I've tried to get into Twitter, and I'm having a hard time with how much it move. Good advice though. I think I'll get back into it.

I tweet 2 - 5 times a day, only one of which is a personal promotion. Other times, I put in news about the writing world, writing quotes, or tweet for author friends. I also retweet interesting tweets I receive. It's easy for tweets to get lost in twitter. Fact is, the tweets I see are the ones specifically directed to me or the ones that are at the top of my feed when I happen to peek in. The other tens of thousands of tweets sent my way are pretty much lost.

I update my Facebook page whenever a new blog post shows up on my blog, which is once or twice a week. In general, I don't e-mail friends (except my beta readers or close friends).

I'm launching a large promotional event in mid-September, so all the rules go out the window at that point. I suspect I'll be a touch more intrusive but I still hope not to be annoying... :-)

Yeah, that's the problem. You get those large events and you want to promote, but then people get sick of it. In any case, let me know about what you're doing mid-September, and I'll try to help promote it too (without being annoying).

Well, all publicity is good publicity, or isn't that what they say?

"Too much" promotion can certainly be annoying but unless you keep doing it for a very long time I believe the point of really repelling readers is pretty far off.

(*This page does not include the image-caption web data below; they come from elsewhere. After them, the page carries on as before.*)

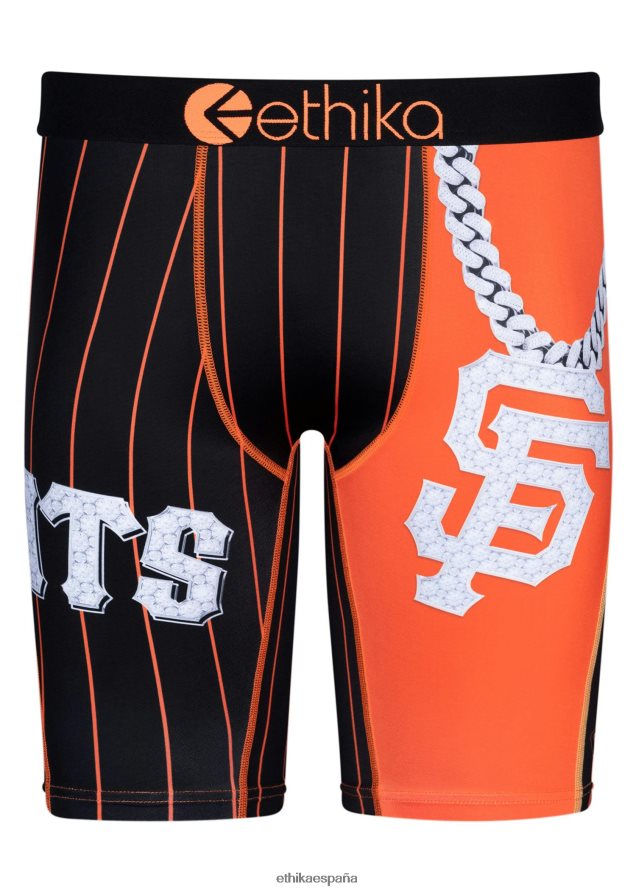 ropa hombres Ethika básico de los gigantes de san francisco FD68J492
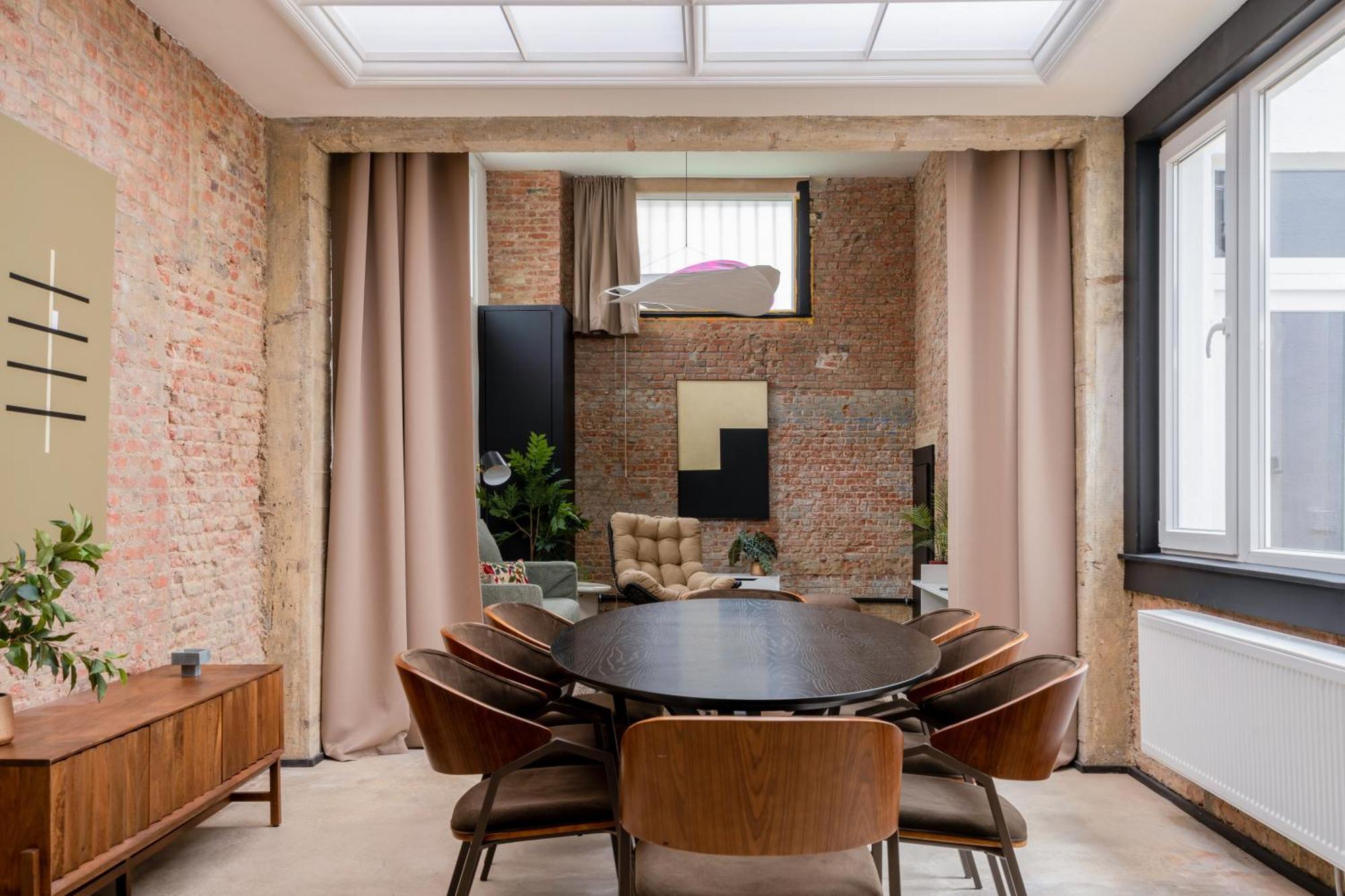 Апартаменты Smartflats - The Brooklyn Антверпен Экстерьер фото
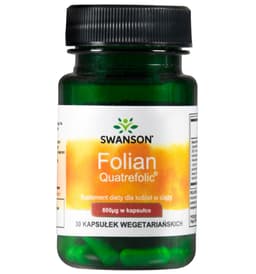 Swanson - Folate (5-Methyltetrahydrofolic Acid)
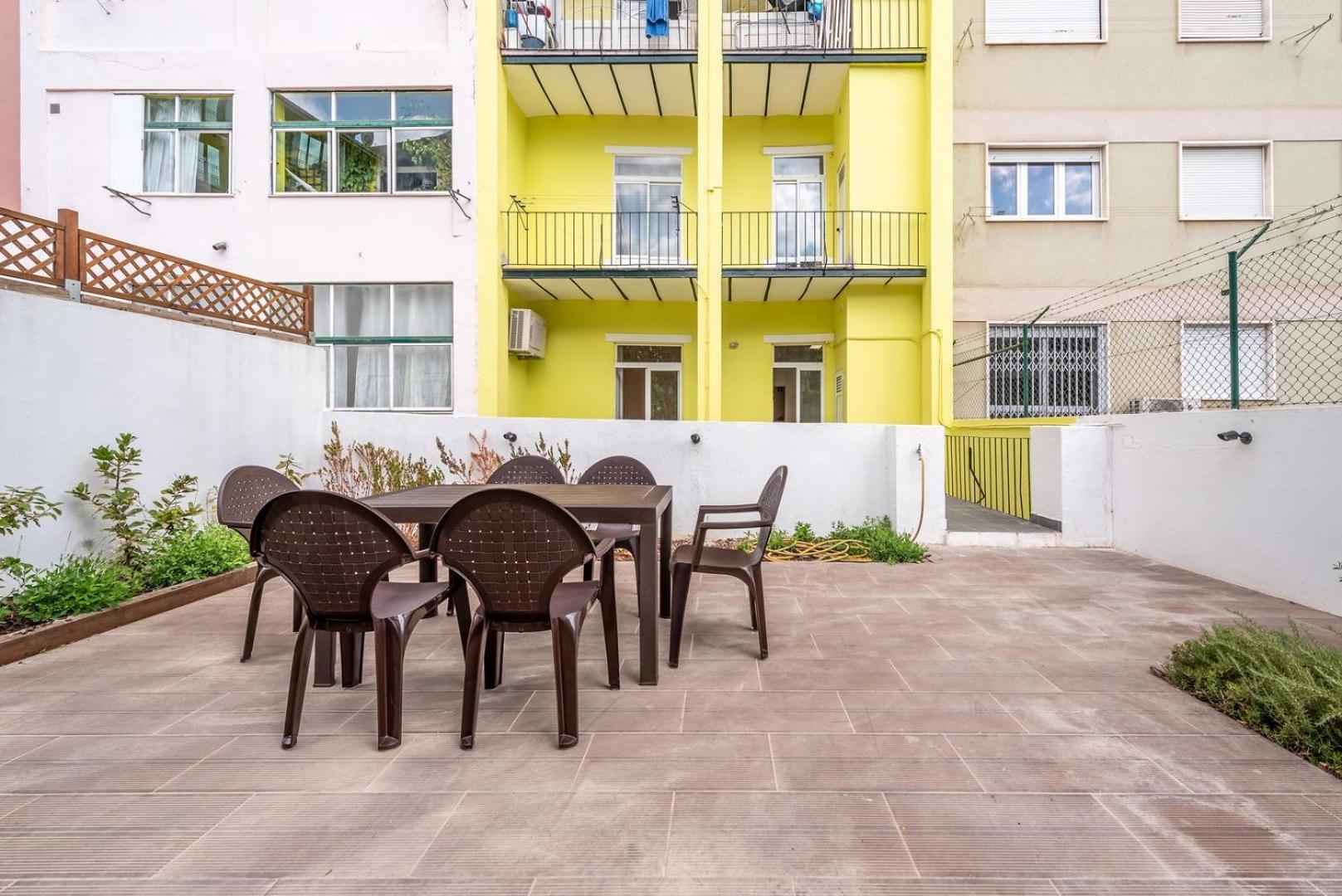 Guestready - Saldanha Building Garden Apartment Lisboa Ngoại thất bức ảnh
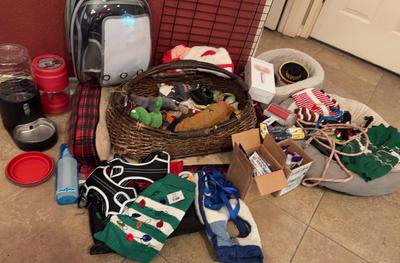 Dog Lot
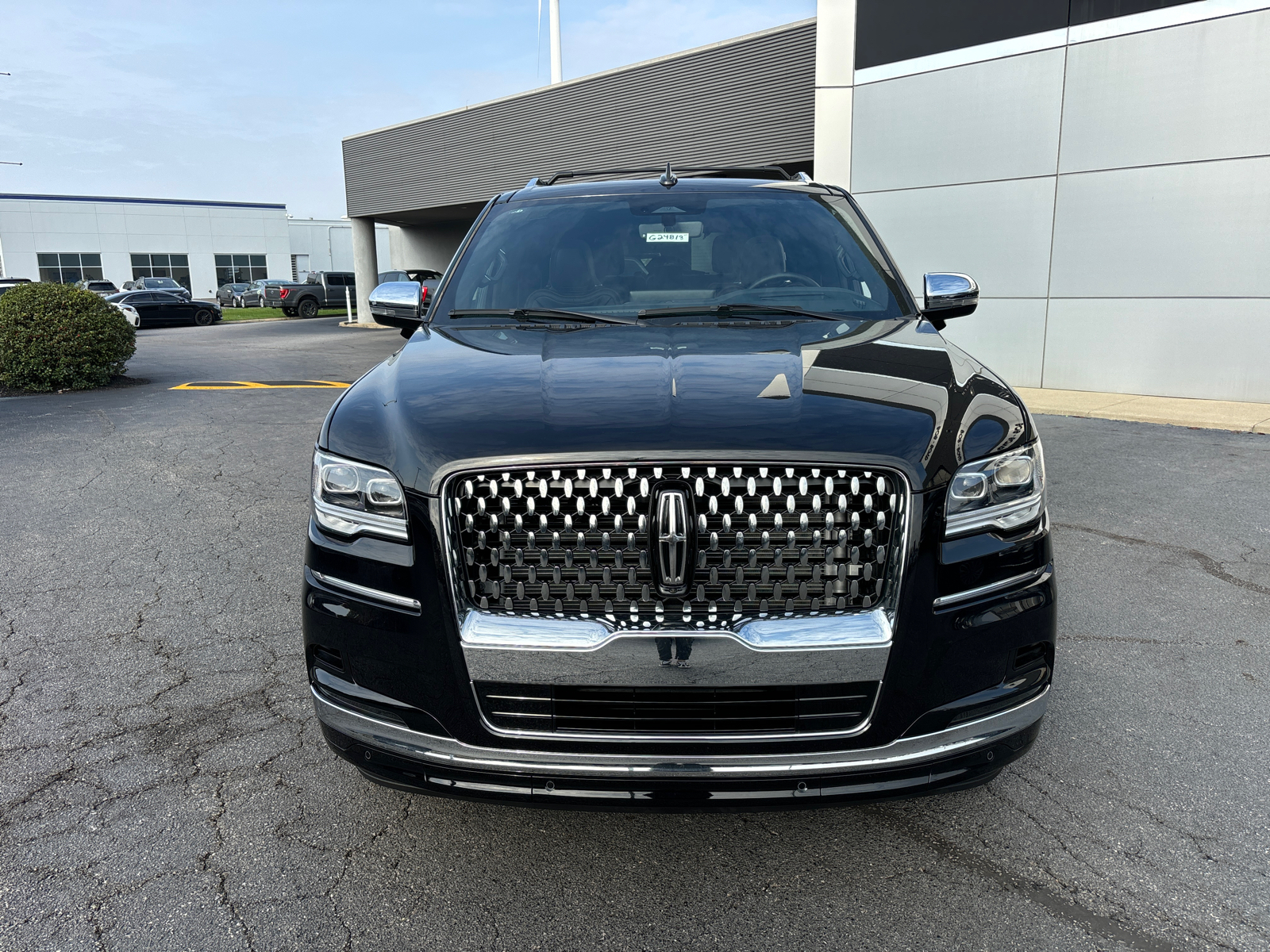 2024 Lincoln Navigator Black Label 2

So do as much as you have time and energy for and make sure to spread out into different channels - then I don't think you can do TOO much.

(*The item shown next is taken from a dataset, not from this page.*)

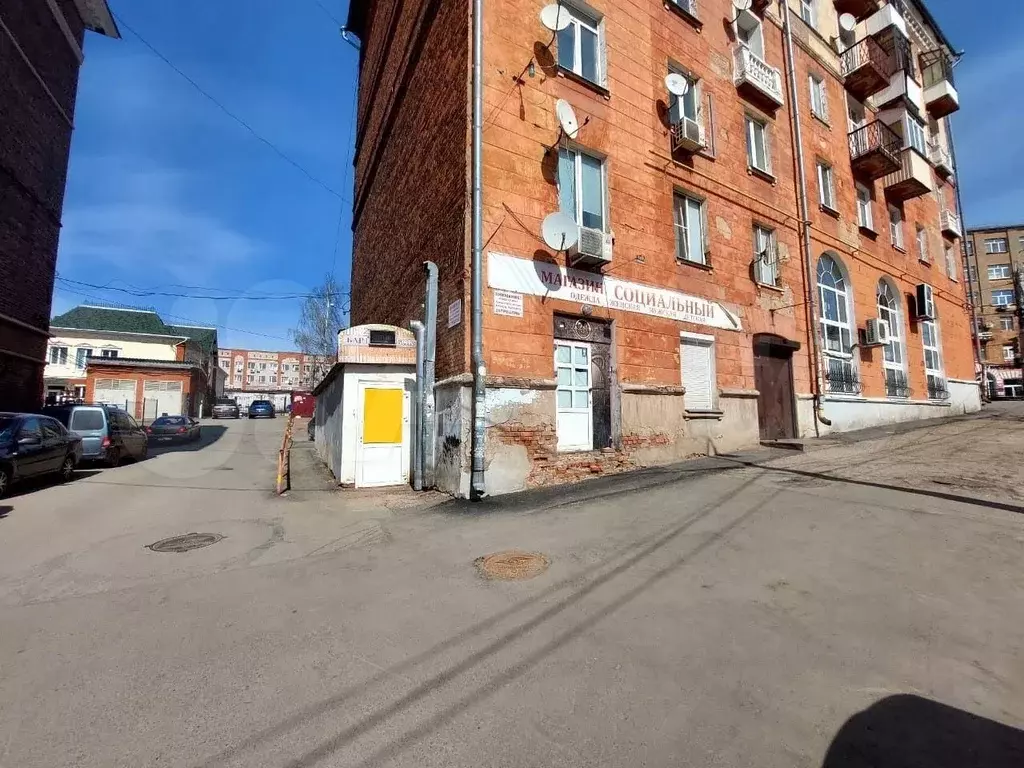Продается помещение свободного назначения 61,8 м - Фото 1
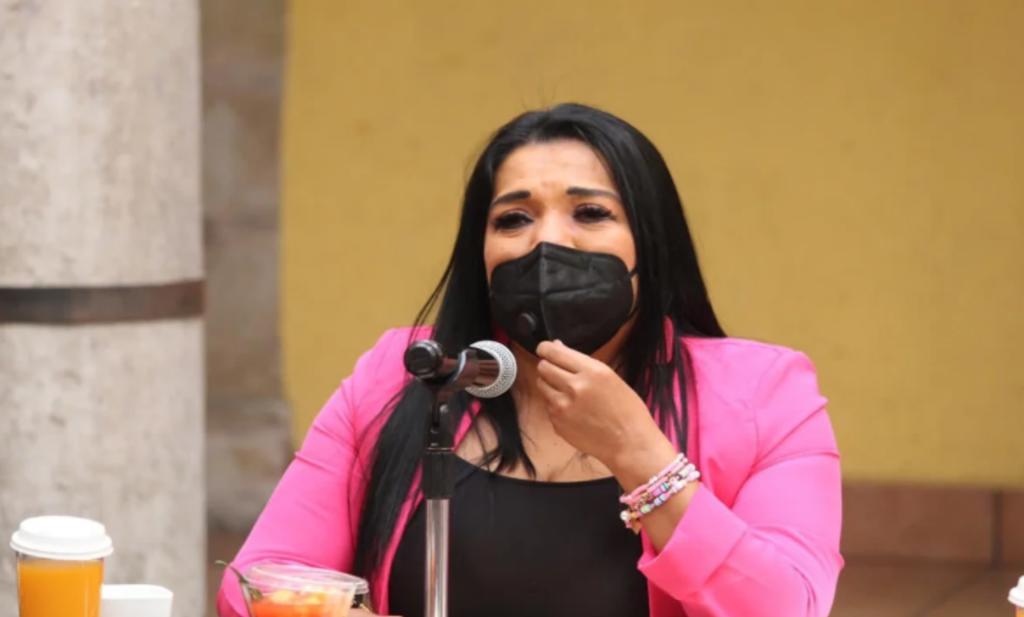 Diputada de Michoacán denuncia ser víctima de extorsión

Another option is to actually ask you readers/followers.

 

Good Luck!

 

 

 

I try to post on my Facebook page at least once a day. Facebook suggests to do that to keep your fans informed. I try to post on Twitter at least once a day. However, most of the time I post on my Facebook and Twitter pages multiple times a day. I like to post on my blog every day, which I've heard is recommended, but I usually post twice a week. Not all of my posts are promotional, especially not my blog posts.

Generally, the important thing is to post every day, but keep your promotional posts to half (or less) of your total posts.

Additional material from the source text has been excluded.